In Greek mythology, Hylas was the son of King Theiodamas of the Dryopians and the nymph Menodice, daughter of Orion. In some accounts, his father was Euphemus or King Ceyx of Trachis.

Mythology

Heracles 
After Heracles killed Theiodamas in battle, he took on Hylas as his arms-bearer and taught him to be a warrior. The poet Theocritus (about 300 BC) wrote about the love between Heracles and Hylas: "We are not the first mortals to see beauty in what is beautiful. No, even Amphitryon's bronze-hearted son, who defeated the savage Nemean lion, loved a boy—charming Hylas, whose hair hung down in curls. And like a father with a dear son he taught him all the things which had made him a mighty man, and famous."

Argonauts
Heracles took Hylas with him on the Argo, thus making him one of the Argonauts. Hylas was kidnapped by Naiads of the spring of Pegae in Mysia when they fell in love with him, and he vanished into the water with a cry. His disappearance greatly upset Heracles, who, along with Polyphemus, searched for him for a great length of time. The ship soon set sail without them. According to the Latin Argonautica of  Valerius Flaccus, they never found Hylas because the latter had fallen in love with the nymphs and remained "to share their power and their love". In the version told by Apollonios Rhodios, the sea-god Glaucus informs the Argonauts that "a nymph has lost her heart to him and made him her husband". Theocritus, on the other hand, has the nymphs shutting his mouth underwater to stifle his screams for Heracles.
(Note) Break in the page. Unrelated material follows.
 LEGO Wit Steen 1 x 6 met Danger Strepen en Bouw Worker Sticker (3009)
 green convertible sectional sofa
Antoninus Liberalis says that the nymphs changed him into Echo.

Literature 

The story of Hylas and the nymphs is alluded to in Book 3 of Edmund Spenser's The Faerie Queene, Canto XII, Stanza 7:

Or that same daintie lad, which was so deare
To great Alcides, that when as he dyde
He wailed womanlike with many a teare,
And every wood, and every valley wyde
He fild with Hylas name; the Nymphes eke "Hylas" cryde.
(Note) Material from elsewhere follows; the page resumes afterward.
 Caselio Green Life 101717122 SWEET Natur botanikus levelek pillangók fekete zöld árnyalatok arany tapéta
Hylas is also mentioned in Christopher Marlowe's play Edward II: "Not Hylas was more mourned for of Hercules / Than thou hast been of me since thy exile" (Act I, Scene I, line 142-3), and in Oscar Wilde's The Picture of Dorian Gray, Chapter 11: "...and gilded a boy that he might serve at the feast as Ganymede or Hylas."

Hylas is referred to in Chapter 18 of Charles Kingsley's novel Hypatia, when the Prefect Orontes, rescued by the Goths, is taken for safety into a house largely populated by women, and fancies himself as "A second Hylas".

"Hylas" is the name of one of the two characters in George Berkeley's Three Dialogues between Hylas and Philonous.  He represents the materialist position against which Berkeley (through Philonous) argues. In this context, the name is derived from ὕλη, the classical Greek word for "matter." Stanisław Lem adopted these characters in his 1957 non-fiction, philosophical book, Dialogi (Dialogues).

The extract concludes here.